--- Input data Enclosed Below ---

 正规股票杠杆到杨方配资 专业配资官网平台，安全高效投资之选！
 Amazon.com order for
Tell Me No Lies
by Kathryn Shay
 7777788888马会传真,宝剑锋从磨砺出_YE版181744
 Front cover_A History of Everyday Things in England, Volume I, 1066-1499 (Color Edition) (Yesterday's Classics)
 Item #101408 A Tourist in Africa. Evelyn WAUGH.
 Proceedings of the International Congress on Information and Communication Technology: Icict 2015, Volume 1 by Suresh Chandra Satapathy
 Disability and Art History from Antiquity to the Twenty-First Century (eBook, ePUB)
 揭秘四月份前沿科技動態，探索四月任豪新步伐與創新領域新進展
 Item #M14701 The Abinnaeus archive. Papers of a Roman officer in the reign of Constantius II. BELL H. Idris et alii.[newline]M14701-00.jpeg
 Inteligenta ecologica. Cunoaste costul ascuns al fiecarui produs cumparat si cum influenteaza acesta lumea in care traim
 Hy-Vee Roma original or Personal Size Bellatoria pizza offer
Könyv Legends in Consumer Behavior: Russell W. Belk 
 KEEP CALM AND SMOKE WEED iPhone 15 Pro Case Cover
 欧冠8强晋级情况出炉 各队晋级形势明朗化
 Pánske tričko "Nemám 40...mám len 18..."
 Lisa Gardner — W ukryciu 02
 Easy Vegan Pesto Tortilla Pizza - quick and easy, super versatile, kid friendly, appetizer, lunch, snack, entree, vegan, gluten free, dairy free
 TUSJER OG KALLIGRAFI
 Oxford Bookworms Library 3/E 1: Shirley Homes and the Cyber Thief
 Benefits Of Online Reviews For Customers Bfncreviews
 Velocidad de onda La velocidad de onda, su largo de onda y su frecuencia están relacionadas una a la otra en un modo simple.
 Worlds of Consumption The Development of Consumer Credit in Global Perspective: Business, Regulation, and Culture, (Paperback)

--- End of Enclosed Input data ---

Task objective:
Exact reproduction is required: output the lines from the start of the entries above through the line with "Proceedings of the".

Result for this task:
 正规股票杠杆到杨方配资 专业配资官网平台，安全高效投资之选！
 Amazon.com order for
Tell Me No Lies
by Kathryn Shay
 7777788888马会传真,宝剑锋从磨砺出_YE版181744
 Front cover_A History of Everyday Things in England, Volume I, 1066-1499 (Color Edition) (Yesterday's Classics)
 Item #101408 A Tourist in Africa. Evelyn WAUGH.
 Proceedings of the International Congress on Information and Communication Technology: Icict 2015, Volume 1 by Suresh Chandra Satapathy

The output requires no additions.